Renewable energy can achieve global climate and energy goals without damming the world’s remaining free flowing rivers, says report | WWF
Renewable energy can achieve global climate and energy goals without damming the world’s remaining free flowing rivers, says report

Posted on 13 May 2019

With thousands of hydropower dams planned across the globe, including here in the Greater Mekong region, a new report from WWF and The Nature Conservancy demonstrates how renewable energy can solve the world’s climate and energy challenge without sacrificing its remaining free-flowing rivers and the diverse benefits they provide to people and nature.
Bangkok, Thailand, 13 May 2019 - Launched on the eve of the World Hydropower Congress in Paris, Connected and Flowing: A renewable future for rivers, climate and people details the transformations that are already underway and how the world can capitalize on these opportunities to achieve sustainable power systems.

Thanks to the plunging costs of solar power, wind generation and storage technologies – as well as significant advances in energy efficiency and grid management – it is now possible for the world to expand electricity generation to provide power to the billion people who currently lack access, while drastically reducing greenhouse gas emissions, and preserving tens to hundreds of thousands of kilometres of free-flowing rivers.

This is extremely evident in the Greater Mekong region, home to the Irrawaddy, Salween and Mekong Rivers. The Mekong is the world’s most productive freshwater fishery and  delivers vital sediments to the Mekong Delta, a crucial part of Vietnam’s economy and regional food security, and home to 21 million people.

Hydropower has been a primary source of electricity for Mekong countries, but studies show that a continuation of the current hydropower trajectory would cause the loss of nearly half of migratory fish biomass and result in more than half of the delta being underwater by the end of this century.

However, recent studies have shown that low carbon, low cost power systems such as solar and wind can be introduced that do not require dams on the mainstem and the few remaining free flowing major tributaries.

“The Mekong, Irrawaddy and Salween Rivers are critical for the food security, livelihoods and homes of millions of people and are home to iconic species like giant catfish and Irrawaddy dolphins,” said Marc Goichot, Water Lead for WWF-Greater Mekong. “By investing in solar and wind power now, we can provide power and income to those millions of people at a lower overall cost and without the dangerous side effects of large scale dams like the proposed Sambor and Stung Treng dams.”

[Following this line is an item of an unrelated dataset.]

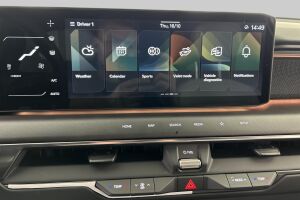 Kia EV9 esikatselu 16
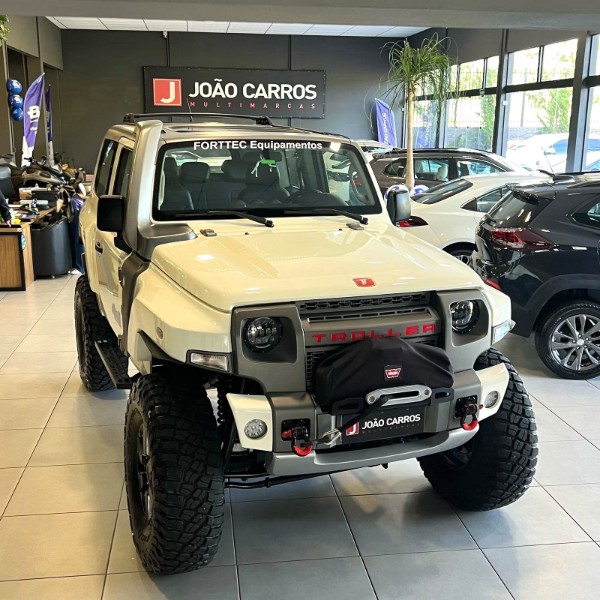 Troller T4 XLT 3.2 4X4 2016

We can not only envision a future where electricity systems are accessible, affordable and powering economies with a mix of renewable energy, we can now build that future, said Jeff Opperman, WWF Freshwater Scientist and lead author on the report.By accelerating the renewable energy revolution, we can secure a brighter future for people and nature with power systems that are low carbon, low cost and low impact.

With contributions from multiple academics, the report found that accelerating the renewable energy development could prevent nearly 165,000 km of river channels from being fragmented, while still helping to limit global temperatures to below a rise of 1.5⁰ C. Along with tackling climate change, this would help slow the catastrophic decline in freshwater species populations, which have fallen by 83% since 1970.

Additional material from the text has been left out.